#### TASK OBJECTIVE
Below are records to be copied exactly; their pictures are to be omitted.
------ THE DATA ------
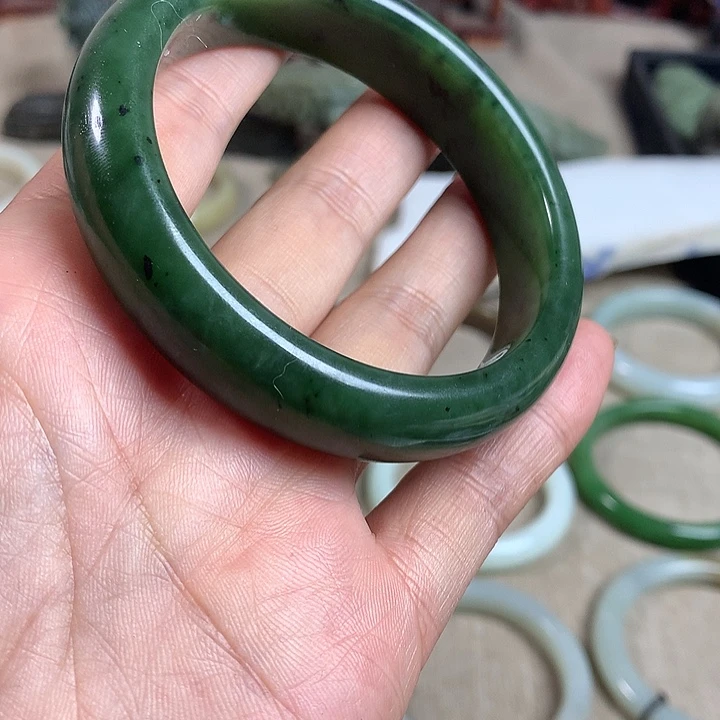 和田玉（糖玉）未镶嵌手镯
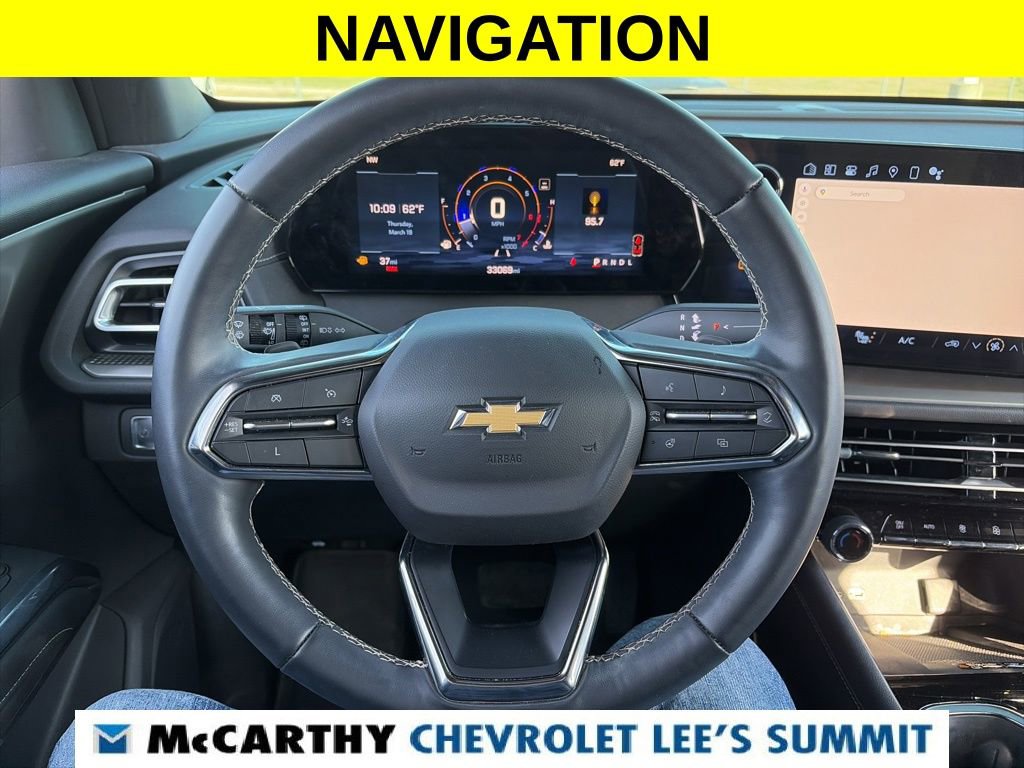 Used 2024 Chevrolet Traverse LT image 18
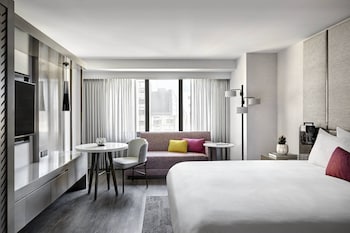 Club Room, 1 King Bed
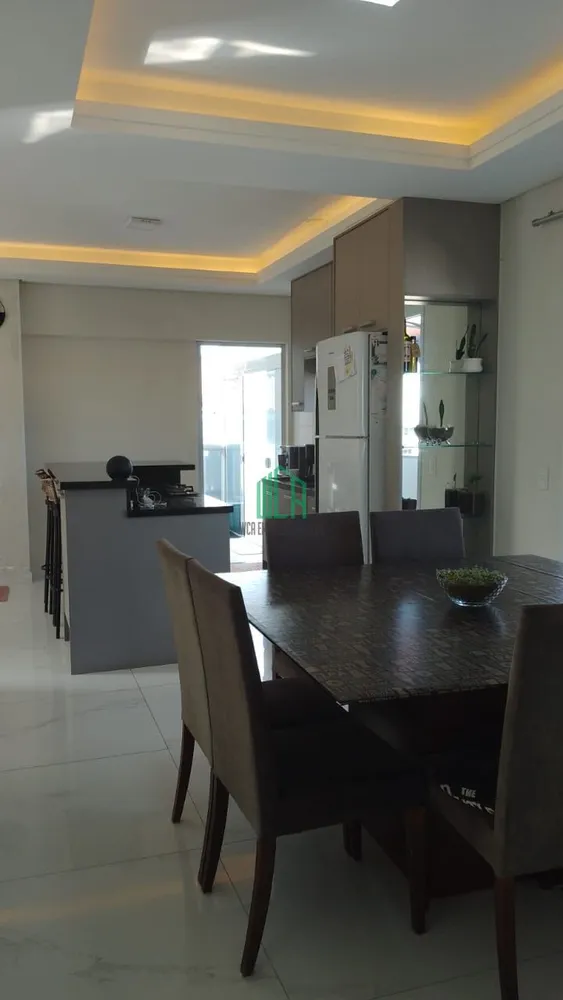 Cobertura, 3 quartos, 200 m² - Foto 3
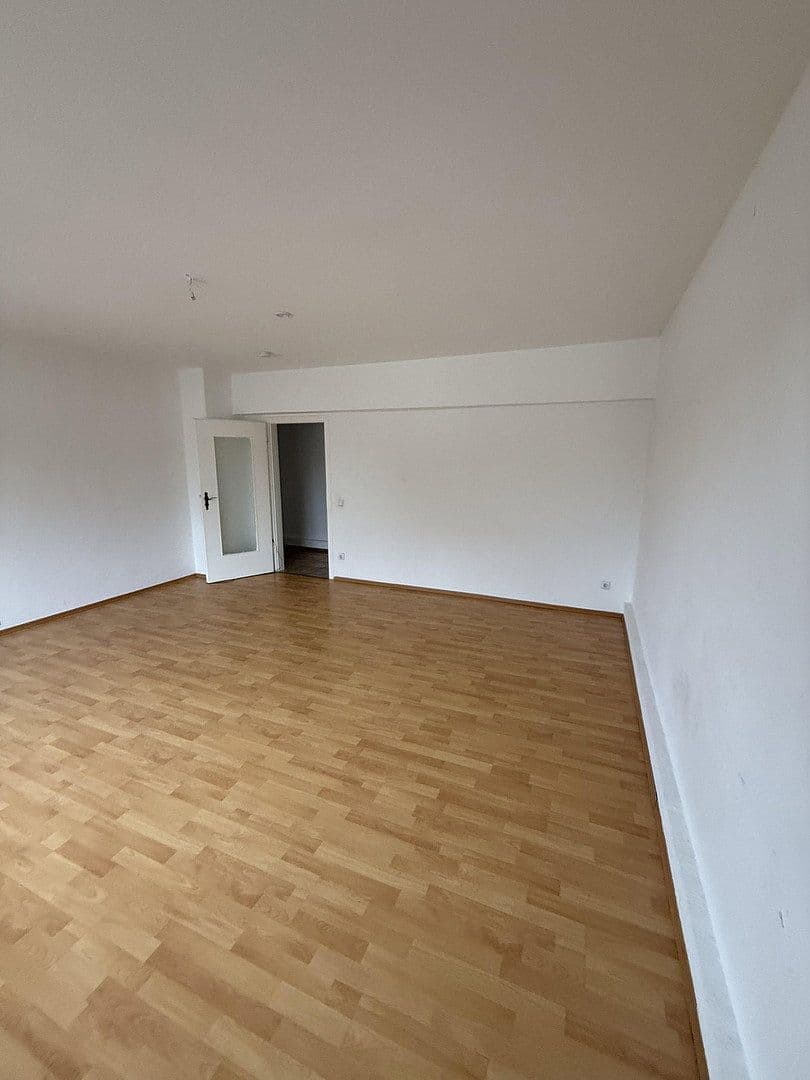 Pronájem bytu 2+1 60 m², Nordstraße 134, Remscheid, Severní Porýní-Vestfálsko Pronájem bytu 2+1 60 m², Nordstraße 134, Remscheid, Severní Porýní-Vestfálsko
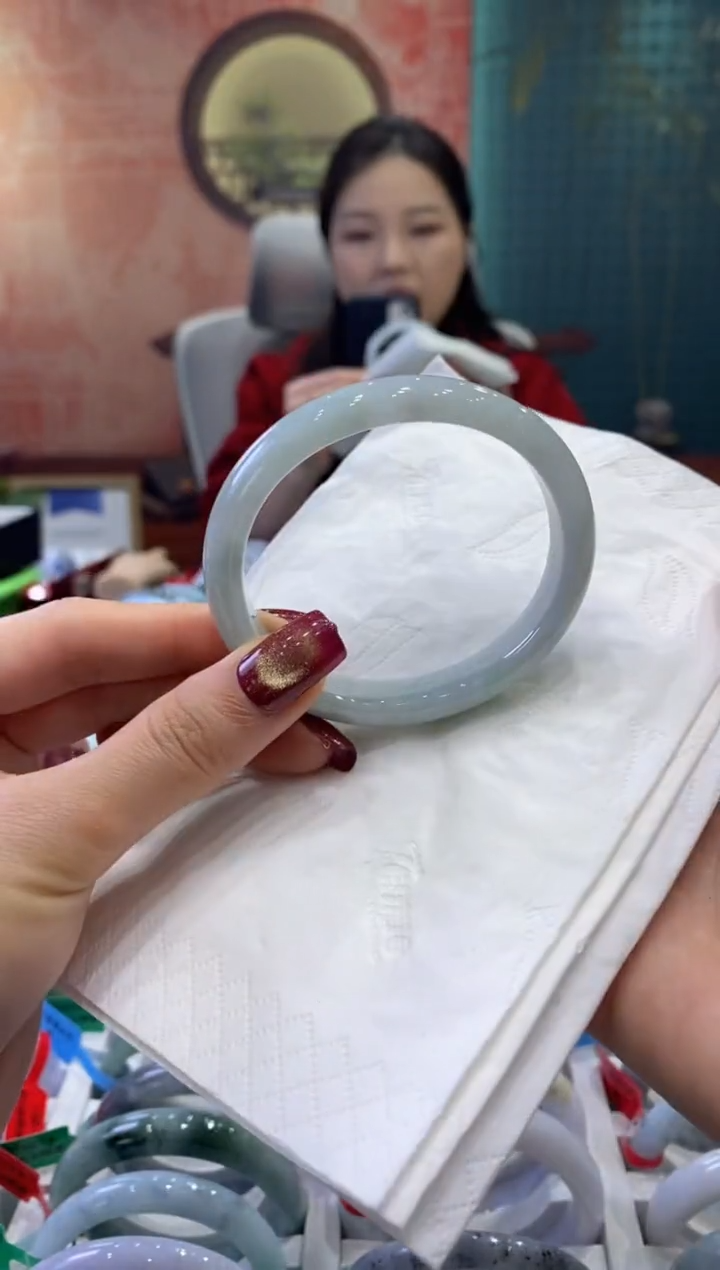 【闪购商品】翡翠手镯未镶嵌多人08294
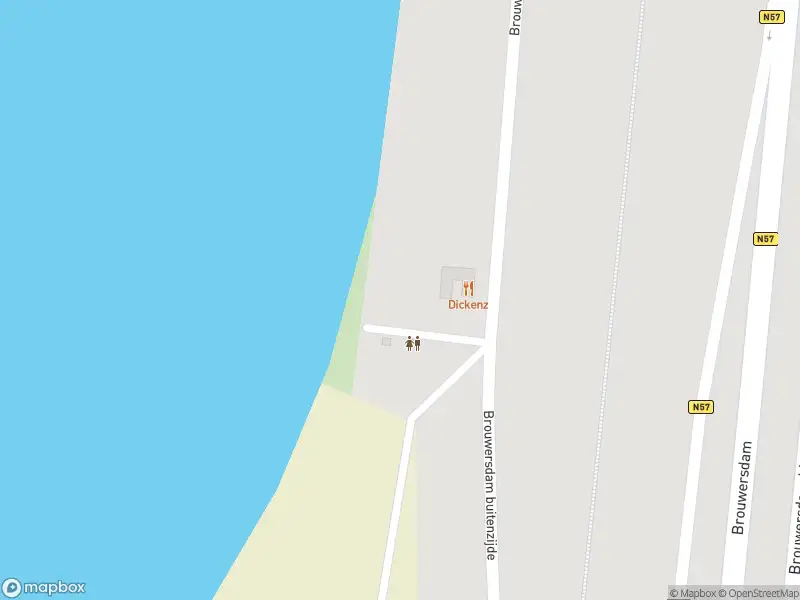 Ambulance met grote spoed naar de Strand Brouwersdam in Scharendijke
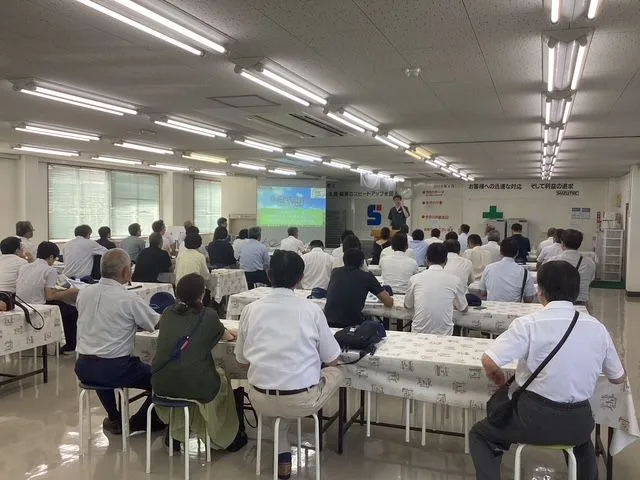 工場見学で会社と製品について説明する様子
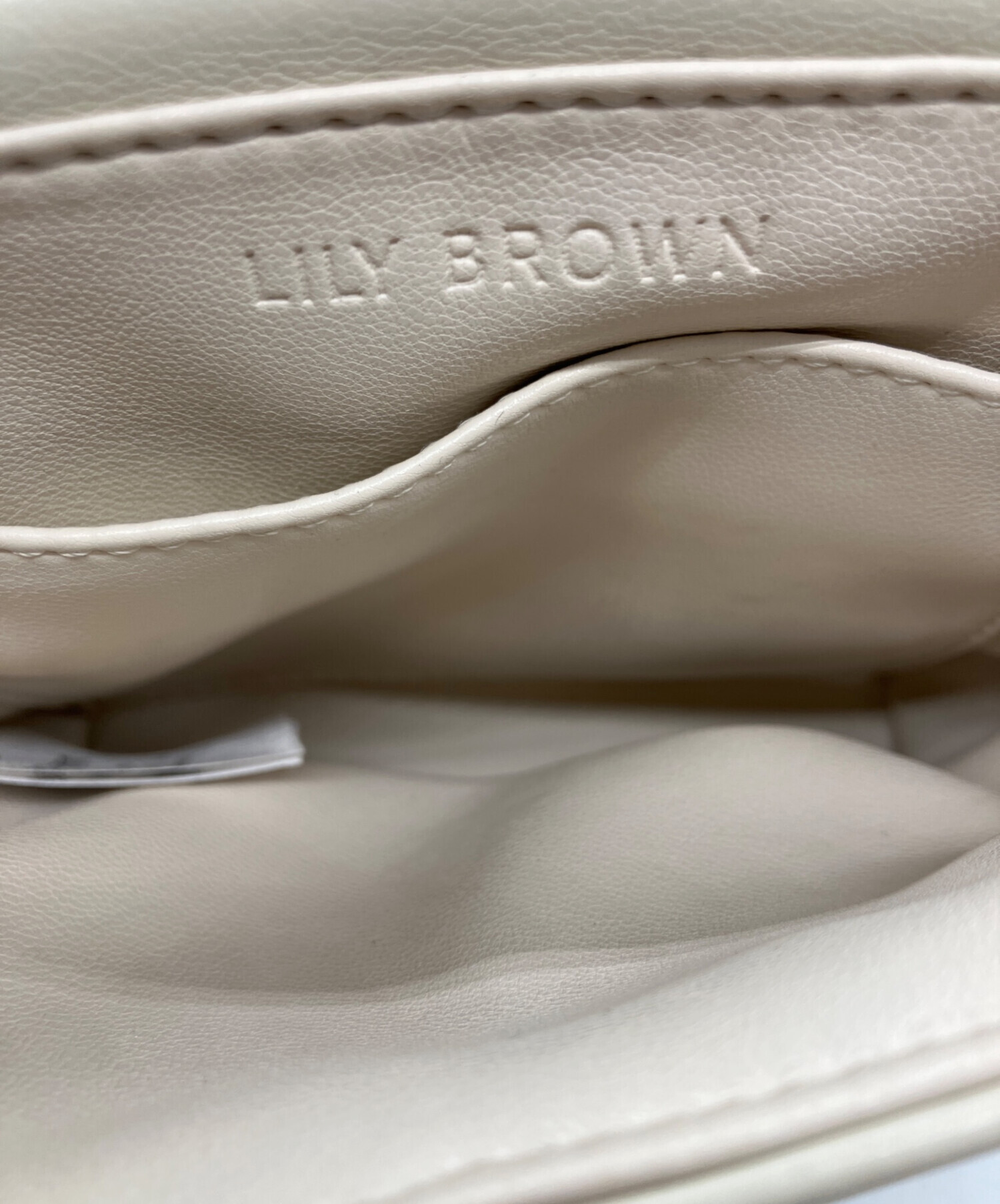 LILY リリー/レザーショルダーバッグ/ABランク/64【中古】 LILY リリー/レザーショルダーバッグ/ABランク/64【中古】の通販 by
------
#### EXPECTED OUTPUT
 和田玉（糖玉）未镶嵌手镯
 Used 2024 Chevrolet Traverse LT image 18
 Club Room, 1 King Bed
 Cobertura, 3 quartos, 200 m² - Foto 3
 Pronájem bytu 2+1 60 m², Nordstraße 134, Remscheid, Severní Porýní-Vestfálsko Pronájem bytu 2+1 60 m², Nordstraße 134, Remscheid, Severní Porýní-Vestfálsko
 【闪购商品】翡翠手镯未镶嵌多人08294
 Ambulance met grote spoed naar de Strand Brouwersdam in Scharendijke
 工場見学で会社と製品について説明する様子
 LILY リリー/レザーショルダーバッグ/ABランク/64【中古】 LILY リリー/レザーショルダーバッグ/ABランク/64【中古】の通販 by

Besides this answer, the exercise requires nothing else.